Sunrise light on a grove of tufa towers emerging from the water of Mono Lake with soft green and dusty-red wild grasses in the foreground, Canada geese in the shallow water with reflections of the rocky towers, and desert hills in the distance.

The importance of April 1st at Mono Lake

April 1st is an important day in the Mono Basin—it marks the start of the runoff year.* As Greg explained in his post a few weeks ago, “A runoff year runs from April 1 to March 31, and enables tracking of stream runoff from the time of peak snowpack from one year to the next.”

Mono Lake Committee and DWP staff met to discuss Mono Lake's level on April 1, 2014. Photo by Elin Ljung.

April 1st is particularly important because Mono Lake’s level, as measured on that day, dictates how much water the Los Angeles Department of Water & Power (DWP) can export for the runoff year. The California State Water Resources Control Board’s Decision 1631 set the rules for DWP’s export amounts in a way that protects Mono Lake from drought conditions such as those we’re experiencing in the West right now.
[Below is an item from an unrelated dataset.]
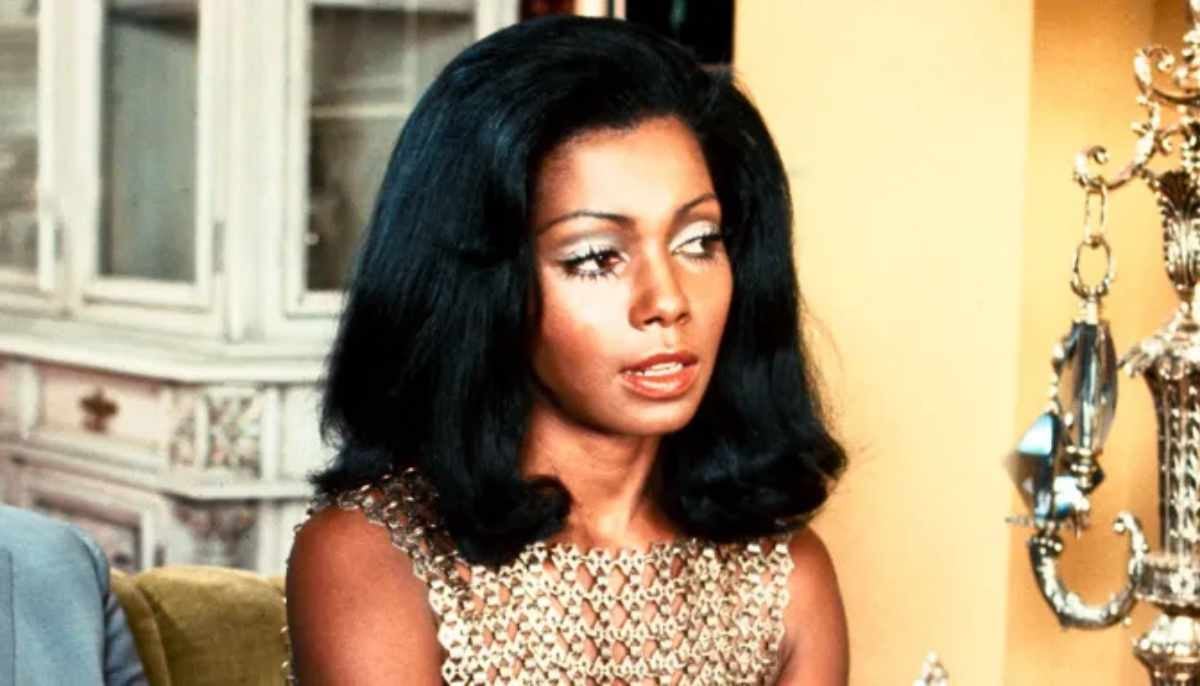 Blaxploitation queen Judy Pace passes away at 83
Stormy, windy weather made it impossible to read the lake level gauge accurately on April 1st, but DWP employees read it on March 31st and Committee employees read it on April 2nd, combining the data for a lake level of 6380.7 feet above sea level. Together, the Committee and DWP agreed on this crucial lake level data and confirmed that under D1631’s rules, it means that DWP can export 16,000 acre-feet this runoff year.

The official language from D1631 provision 6(a)(3) states that, “If the water level of Mono Lake is at or above 6,380 feet and below 6,391 feet, then Licensee may divert up to 16,000 acre-feet of water per year under the terms of this license.”
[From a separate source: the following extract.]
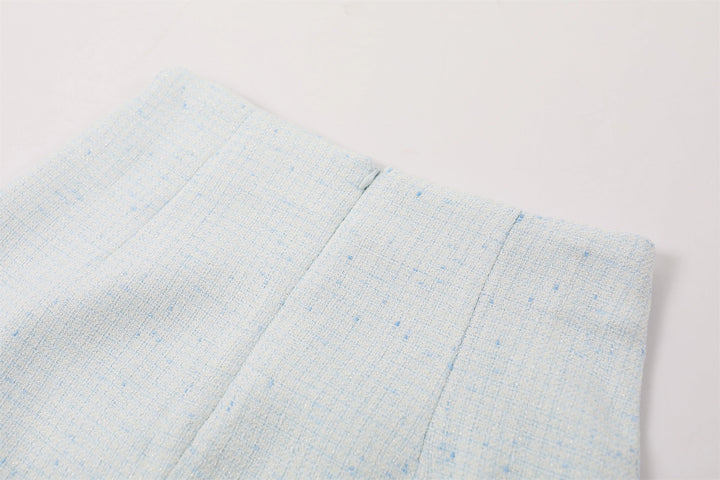 O1CN01UIoZwV1ZKCbyAmmr3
If Mono Lake had been below 6380 feet on April 1st, DWP would only be allowed to export 4,500 acre-feet in the runoff year. Since the current drought conditions mean that Mono Lake may drop as much as 1.5 feet this year, it’s likely that DWP’s exports will be reduced to 4,500 acre-feet next year because Mono Lake is likely to be below 6380 feet on April 1, 2015.

*Not to be confused with the water year, or the rainfall year, or the calendar year, or the fiscal year. We work with lots of years here at the Mono Lake Committee.